Thanks for the idea, I gave it a go but seem to be running into some difficulties. I implemented a simple ExtensibleReactor object that just changes the temperature based on an externally determined variable 'curr_T':

        class ExtendedFlowReactor(ct.ExtensibleIdealGasConstPressureReactor):
            def before_update_state(self,y):
                #y is the state vector. Element 1 is temperature. Replace with correct temperature
                y[1] = curr_T

Surprisingly, running the extended version of the reactor takes even more time than reinitializing. Whereas one loop of reinitializing/advancing took about 50ms before, it takes about 100ms using the extended reactor. Furthermore, I observed that after a few iterations the integrator throws a CVODE error (-3) which it did not throw before.
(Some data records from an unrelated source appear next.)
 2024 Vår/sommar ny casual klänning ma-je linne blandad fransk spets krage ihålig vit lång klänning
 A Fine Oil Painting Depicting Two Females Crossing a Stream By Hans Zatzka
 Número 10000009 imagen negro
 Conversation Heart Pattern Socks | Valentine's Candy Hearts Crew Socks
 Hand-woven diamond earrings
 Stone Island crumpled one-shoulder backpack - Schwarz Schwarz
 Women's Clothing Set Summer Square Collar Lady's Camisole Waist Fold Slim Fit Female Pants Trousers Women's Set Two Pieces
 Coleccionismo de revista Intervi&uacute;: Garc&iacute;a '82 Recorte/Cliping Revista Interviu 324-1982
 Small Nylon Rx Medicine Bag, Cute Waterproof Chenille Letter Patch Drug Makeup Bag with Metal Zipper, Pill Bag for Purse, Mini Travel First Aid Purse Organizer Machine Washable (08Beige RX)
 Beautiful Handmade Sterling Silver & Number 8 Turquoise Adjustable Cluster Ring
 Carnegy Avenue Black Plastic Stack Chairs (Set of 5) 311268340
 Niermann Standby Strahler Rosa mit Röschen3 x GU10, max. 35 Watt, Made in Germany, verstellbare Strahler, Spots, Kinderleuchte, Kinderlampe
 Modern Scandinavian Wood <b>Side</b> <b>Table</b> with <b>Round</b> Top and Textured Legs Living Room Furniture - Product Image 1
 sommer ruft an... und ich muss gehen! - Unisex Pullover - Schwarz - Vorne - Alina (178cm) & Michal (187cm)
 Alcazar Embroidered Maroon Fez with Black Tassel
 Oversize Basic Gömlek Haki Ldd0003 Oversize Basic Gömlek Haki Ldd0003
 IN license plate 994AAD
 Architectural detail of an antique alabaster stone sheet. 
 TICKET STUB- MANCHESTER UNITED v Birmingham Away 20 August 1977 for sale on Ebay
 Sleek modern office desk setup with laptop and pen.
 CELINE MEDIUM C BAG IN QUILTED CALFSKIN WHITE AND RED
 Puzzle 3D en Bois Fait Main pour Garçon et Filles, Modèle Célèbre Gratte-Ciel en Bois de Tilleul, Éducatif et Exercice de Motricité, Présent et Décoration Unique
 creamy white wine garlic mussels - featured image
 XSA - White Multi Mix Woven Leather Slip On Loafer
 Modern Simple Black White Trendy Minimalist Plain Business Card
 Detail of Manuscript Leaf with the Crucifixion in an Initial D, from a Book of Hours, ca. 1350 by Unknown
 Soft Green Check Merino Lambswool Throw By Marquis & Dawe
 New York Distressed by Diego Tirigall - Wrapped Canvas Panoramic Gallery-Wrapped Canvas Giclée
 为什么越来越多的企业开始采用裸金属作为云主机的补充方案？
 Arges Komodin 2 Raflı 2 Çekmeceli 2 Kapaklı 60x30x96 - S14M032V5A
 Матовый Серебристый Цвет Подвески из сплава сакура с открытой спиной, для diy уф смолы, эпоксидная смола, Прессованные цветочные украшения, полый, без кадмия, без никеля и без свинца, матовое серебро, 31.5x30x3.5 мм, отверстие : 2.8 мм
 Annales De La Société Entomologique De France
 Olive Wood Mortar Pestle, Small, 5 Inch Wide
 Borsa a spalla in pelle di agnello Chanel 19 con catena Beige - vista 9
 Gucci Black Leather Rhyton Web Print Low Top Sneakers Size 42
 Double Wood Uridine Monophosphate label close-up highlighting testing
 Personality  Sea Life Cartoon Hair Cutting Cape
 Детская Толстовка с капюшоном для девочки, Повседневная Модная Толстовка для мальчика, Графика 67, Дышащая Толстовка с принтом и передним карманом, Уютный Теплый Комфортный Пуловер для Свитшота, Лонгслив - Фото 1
As such I'm wondering if there's more that needs to be added to properly update the state? Looking at the C++ implementation of this code it does seem that simply swapping in the new temperature should be a one-line fix. But maybe there is another function that is better to modify (e.g. set_state)?

Many thanks,

Unni

[Ray Speth]

Hi Unni,

Sorry, I maybe should have clarified, the update_state method is not a place to modify the state vector y that is provided by the ODE solver. There’s actually no point at which you should modify the function inputs that come from Sundials, as I believe it risks messing up the internal state of the solver.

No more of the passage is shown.